Ее дебют в высшем обществе состоялся в 1965 году, на стыке двух миров, когда от привычной традиции «дебютного сезона», во время которого девушек (fillies[16], как называл их ее отец) представляли ко двору, а затем бросали в водоворот вечеринок, скачек и роскошных загородных балов, уже начали отказываться. Этот процесс шел с 1950-х годов, и последнее представление ко двору, прошедшее, как обычно, в Букингемском дворце, состоялось в 1958 году. Принц Филипп давно выступал за отмену этого ритуала, поскольку считал его «чертовски бессмысленным», что вполне отражало сатирические настроения британской публики, которая все меньше уважала правящие классы. Принцессе Маргарет «сезоны» тоже не нравились. «Нужно это прекратить, – считала она. – Ко двору разве что пироги не представляют». Бал королевы Шарлотты, который раньше открывал «сезоны», продолжали проводить до 1976 года, но дебютантки должны были приседать в реверансе не перед монархом, а перед тортом. Среди них были и те, кого обучала Люси Клейтон, главная специалистка «школы очарования»[17], известная также под прозвищем Боевой Топор Бонд-стрит.
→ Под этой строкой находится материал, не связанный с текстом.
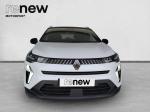 renault-captur-2025-gasolina-999cc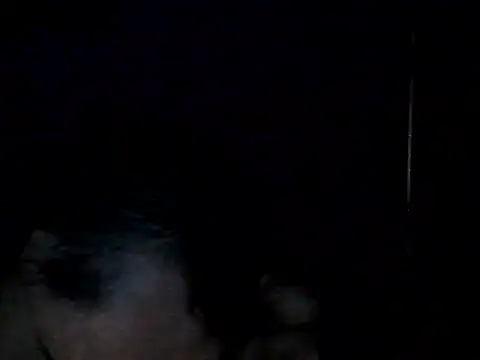 Leocesar37 online show from October 7, 1:04 pm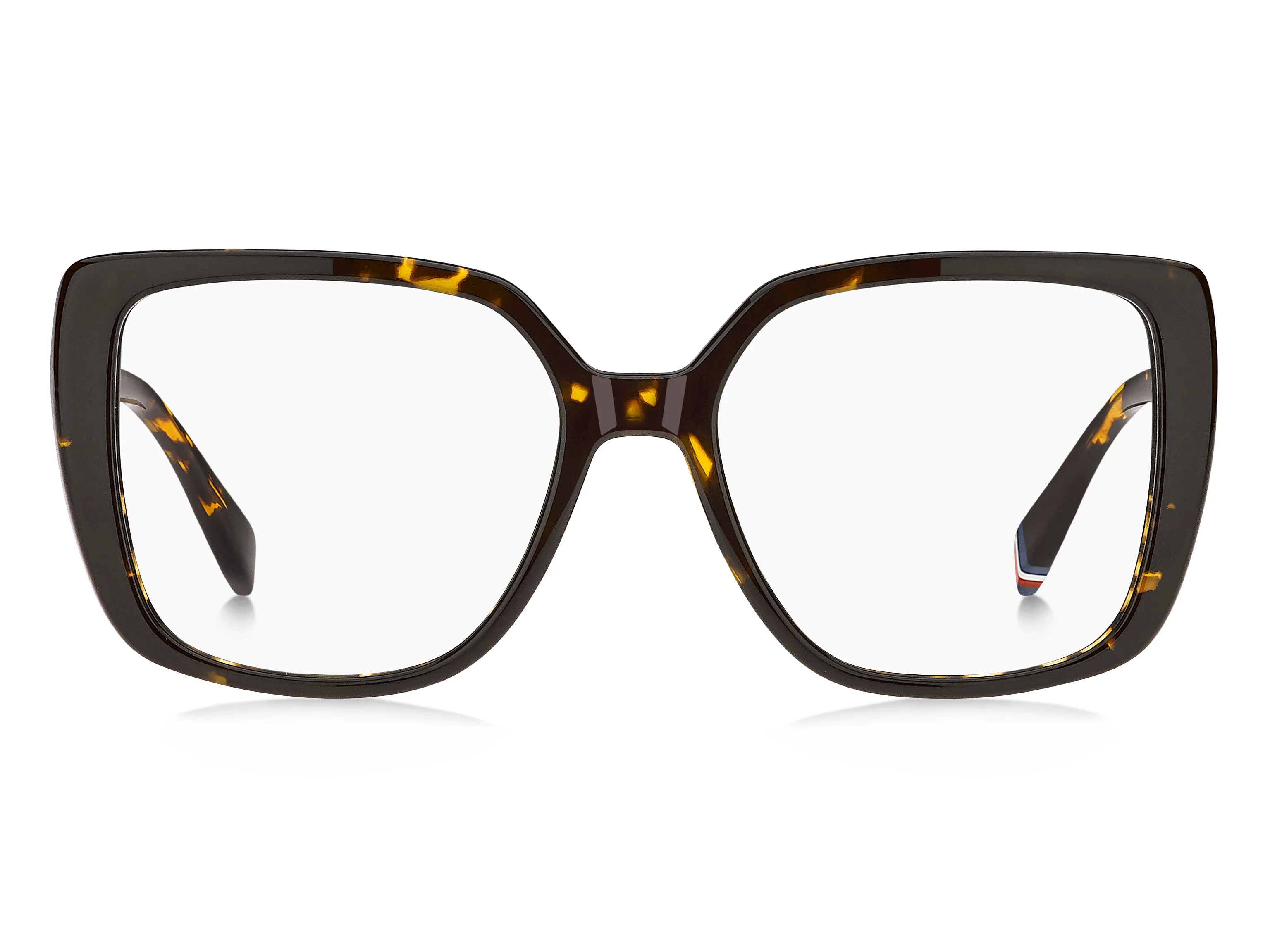 Tommy Hilfiger Tommy Hilfiger TH 2348 086 Montature da vista - immagine 2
К выходу Камиллы в свет бальный зал отлично отображал царивший в настроениях нации дух противоречия. Половина девушек была облачена в мини-юбки от Мэри Куант и высокие, до колена, сапоги. Они бродили по залу, вихляя бедрами и поправляя озорные короткие стрижки «под Твигги». Другая половина – и в их числе Камилла – оказалась более консервативной, предпочитая коктейли «Бакс-Физз», нити жемчуга и вечеринки в поло-клубе Guards.
То был год, урожайный на стильных девушек из высшего света, от невероятной леди Кэролайн Перси, дочери герцога Нортумберлендского, до леди Мэри-Гэй Керзон, дочери Эдварда Керзона, шестого графа Хау, – ее дочь, Крессида Бонас, впоследствии станет подружкой принца Гарри до того, как он встретит Меган. Мэри-Гэй так часто оказывалась героиней колонок со сплетнями, что в честь нее в баре отеля Claridge's даже назвали один из коктейлей – голубой, как ее аристократическая кровь. Сногсшибательная блондинка с ногами, привлекающими взгляды, она воплощала рисковый дух времени, позируя для обложки иллюстрированного подарочного издания «Птицы Британии» (Birds of Britain) практически обнаженной и с измазанным машинным маслом (в память о дедушке-гонщике) милым личиком.
Днем, после очередного похода по магазинам, стайка дебютанток (и Камилла в их числе) обычно приземлялась на зеленые кожаные кресла банковского этажа Harrods, а потом перепархивала через дорогу – на обед (холодный жареный цыпленок и горошек) в ресторане Brief Encounter.
Похоже, Камилла совершенно не жалеет об этих беззаботных годах. О карьере она никогда не мечтала. На работу ходила примерно десять минут: устроилась для вида в дизайнерское агентство Colefax and Fowler, но как-то ночью танцевала допоздна, опоздала утром и была уволена. Что с того? После смерти бабушки, Сони Кьюбитт, ее ждало наследство: 500 000 фунтов.